Abraham Lincoln: A History
- Authors: John Nicolay and John Hay
- Language: English
- Subject: Bibliography
- Published: 1890
- Publication place: United States
- Media type: Print
- Dewey Decimal: 973.70924
- LC Class: E457
- Text: Abraham Lincoln: A History at Wikisource

= Abraham Lincoln: A History =

1890 biography of Abraham Lincoln

Abraham Lincoln: A History is an 1890 ten-volume account of the life and times of Abraham Lincoln, written by John Nicolay and John Hay, who were his personal secretaries during the American Civil War.

==Writing history ==
Early in his presidency, Hay and Nicolay requested and received permission from Lincoln to write his biography. In the first years after Lincoln's death, Hay and Nicolay were not encouraged to publish such a work—Representative Isaac Newton Arnold, a Lincoln supporter, had quickly published a substantial Lincoln biography, and publishers were not eager for another. Further, the permission of Robert Lincoln, who controlled his father's papers, would have to be gained. Lincoln's former secretaries decided to wait until they had sufficient time and money.

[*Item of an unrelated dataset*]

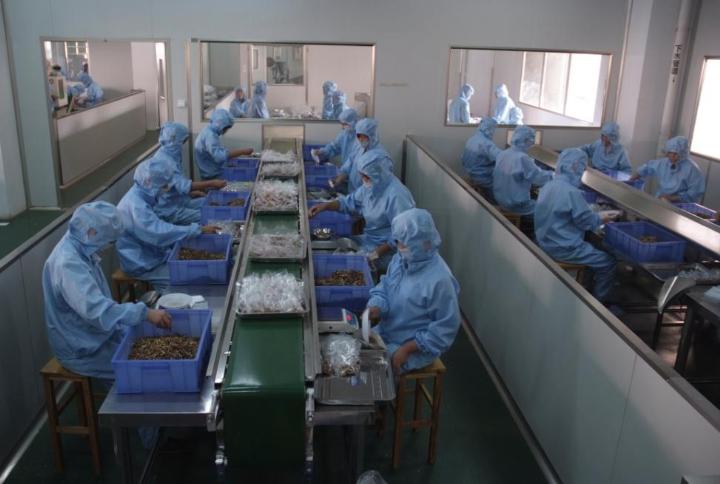 萬級(jí)藥廠潔凈車間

The often-dormant proposal to write the biography was given new impetus as they came to believe Lincoln's historical image was being distorted. Ward Hill Lamon in 1872 published a biography of Lincoln based on research by William Herndon, Lincoln's law partner. Lamon's book first made widely known many of the early accounts of Lincoln's life, such as those regarding Ann Rutledge, whom Lamon related Lincoln had loved and whose death devastated him. Without access to his papers, these early biographers focused on episodes told of the young Lincoln that fascinated the public. The Lincoln family believed that some of these were distorted or untrue, and in any event disrespectful. Also becoming popular were interpretations of the war that minimized Southern blame, with the bravery of the soldiers stressed in the name of sectional reconciliation. Popular fiction, such as that by Joel Chandler Harris, pressed a nostalgic view of the Old South.

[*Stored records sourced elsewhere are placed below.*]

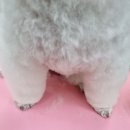 뽀송뽀송강아지미용실 | [전주 송천동] 강아지 버블스파 미용실, 멍스마일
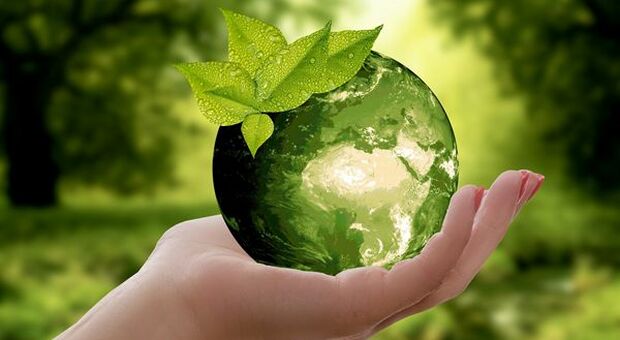 Rivoluzione Green: le abitudini per salvare il pianeta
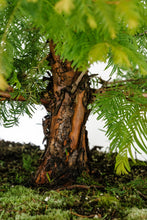 Load image into Gallery viewer, Bonsai Special | Dawn Redwood (E2)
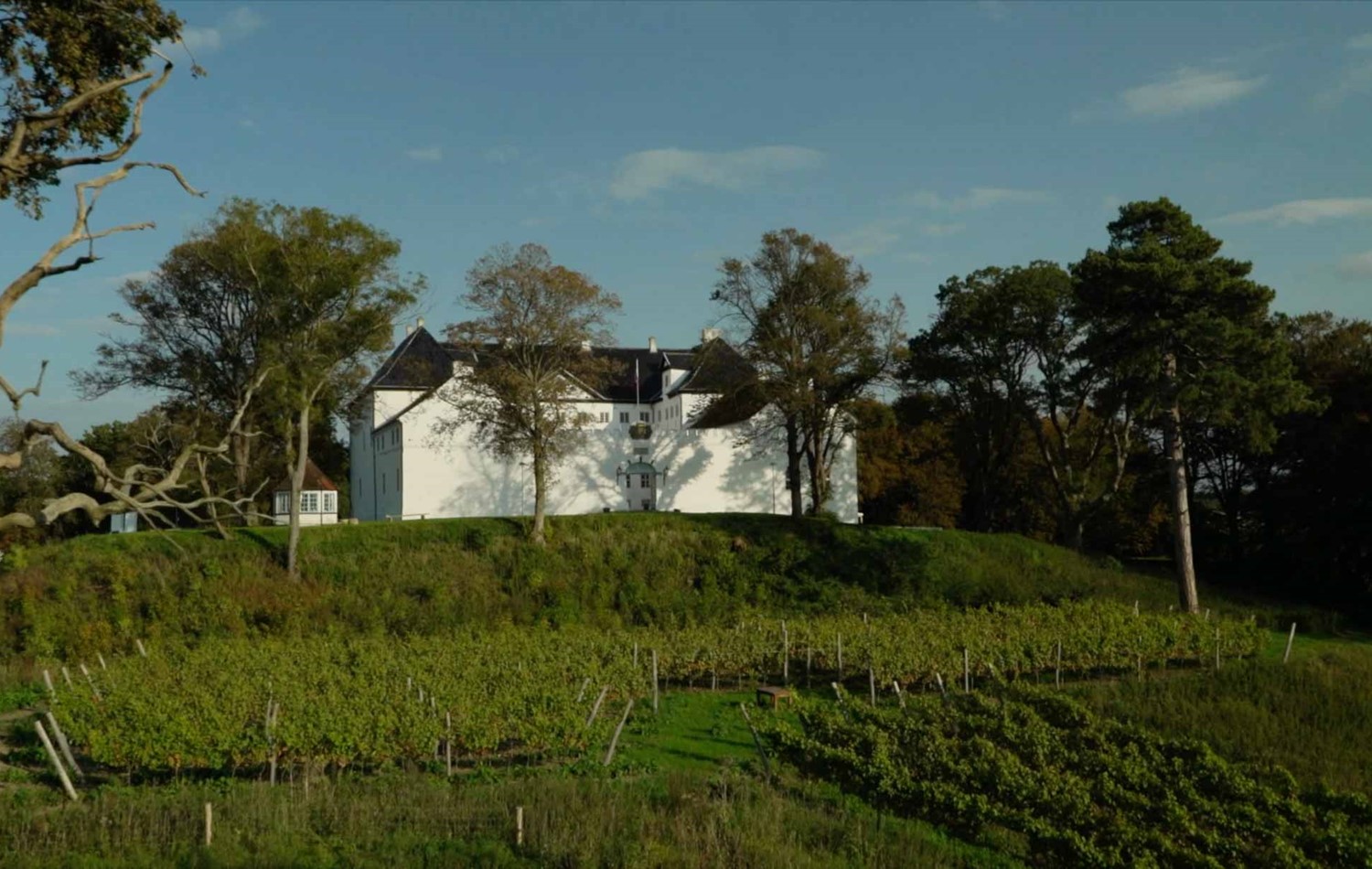 Dragsholm Slot vin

By 1872, Hay was "convinced that we ought to be at work on our 'Lincoln.' I don't think the time for publication has come, but the time for preparation is slipping away." Robert Lincoln, Lincoln's surviving child, in 1874 formally agreed to let Hay and Nicolay use his father's papers; by 1875, they were engaged in research. Hay and Nicolay enjoyed exclusive access to Lincoln's papers, which were not opened to other researchers until 1947. They gathered documents written by others, as well as many of the Civil War books already being published. On rare occasions they relied on memory, such as Nicolay's recollection of the moment at the 1860 Republican convention when Lincoln was nominated, but for the most part they relied on research. The research was so extensive that, in their published volumes, Hay and Nicolay sometimes wrote that no records existed on certain points—statements that proved to be premature.

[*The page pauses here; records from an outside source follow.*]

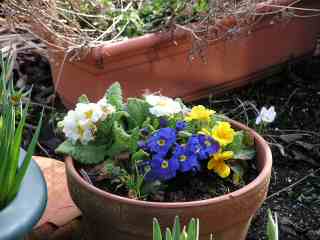 16-Polyanthus
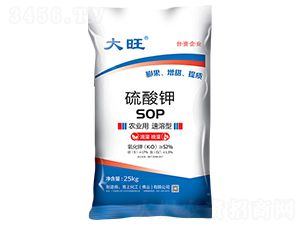 �r(n��ng)�I(y��)�������������-���ϻ���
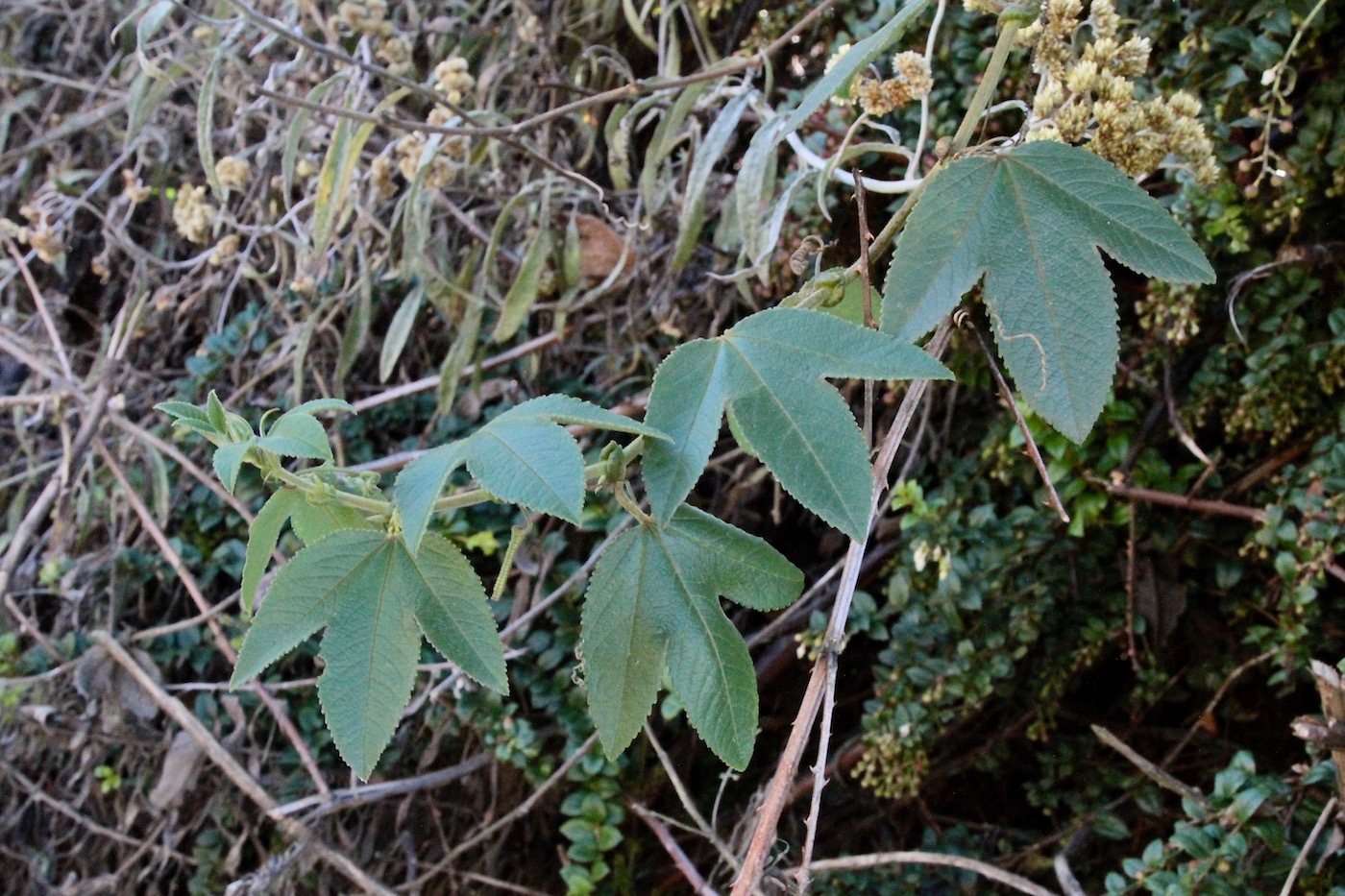Image of Passiflora mollissima specimen.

Hay began his part of the writing in 1876; the work was interrupted by illnesses of Hay, Nicolay, or family members, or by Hay's writing of The Bread-Winners. When Hay was in Washington as Assistant Secretary of State in 1879–81, and after Hay returned to Washington in 1885, he and Nicolay (then the Marshal of the Supreme Court) would walk to each other's house with chapter drafts or research materials. In 1881, after his temporary service as editor of the Tribune in Whitelaw Reid's absence, he agreed to do unsigned Civil War book reviews for the Tribune, but when asked to do obituaries as well, he refused, "I have not read any thing this winter except what bears on one subject".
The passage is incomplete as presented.